**DATA:**
== Segment start ==

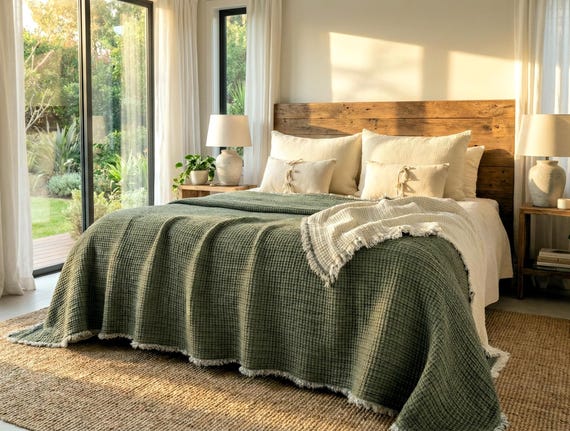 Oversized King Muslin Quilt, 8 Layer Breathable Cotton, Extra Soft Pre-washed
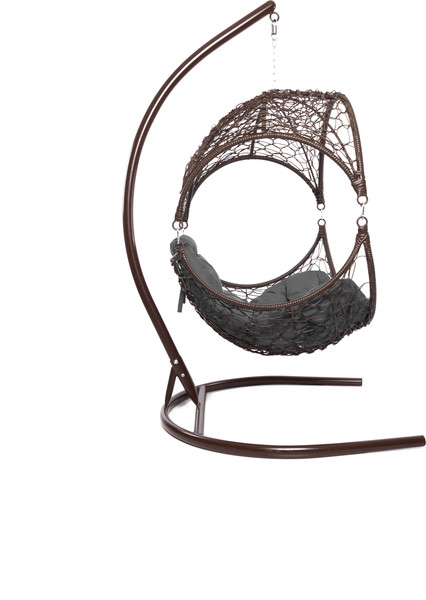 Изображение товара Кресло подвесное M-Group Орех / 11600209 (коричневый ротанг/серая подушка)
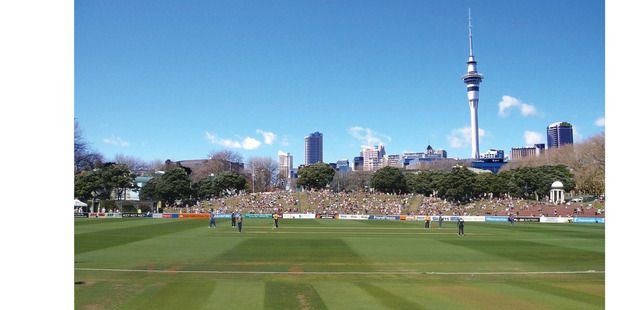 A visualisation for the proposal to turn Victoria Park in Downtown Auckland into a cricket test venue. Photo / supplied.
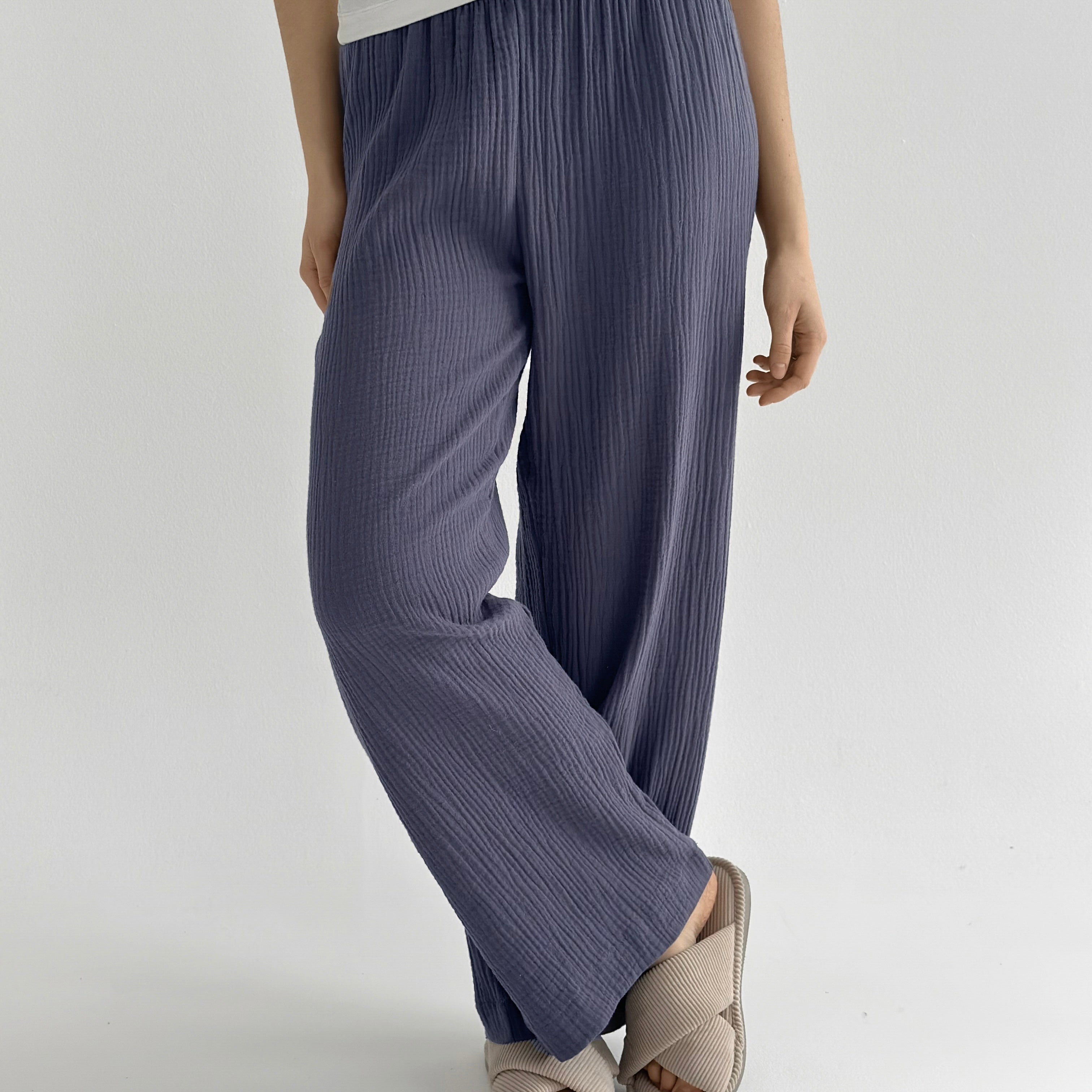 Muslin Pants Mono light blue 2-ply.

== Segment end ==

**TASK ITEM:**
Omit pictures and output the listing exactly.

**WORKED SOLUTION:**
 Oversized King Muslin Quilt, 8 Layer Breathable Cotton, Extra Soft Pre-washed
 Изображение товара Кресло подвесное M-Group Орех / 11600209 (коричневый ротанг/серая подушка)
 A visualisation for the proposal to turn Victoria Park in Downtown Auckland into a cricket test venue. Photo / supplied.
 Muslin Pants Mono light blue 2-ply.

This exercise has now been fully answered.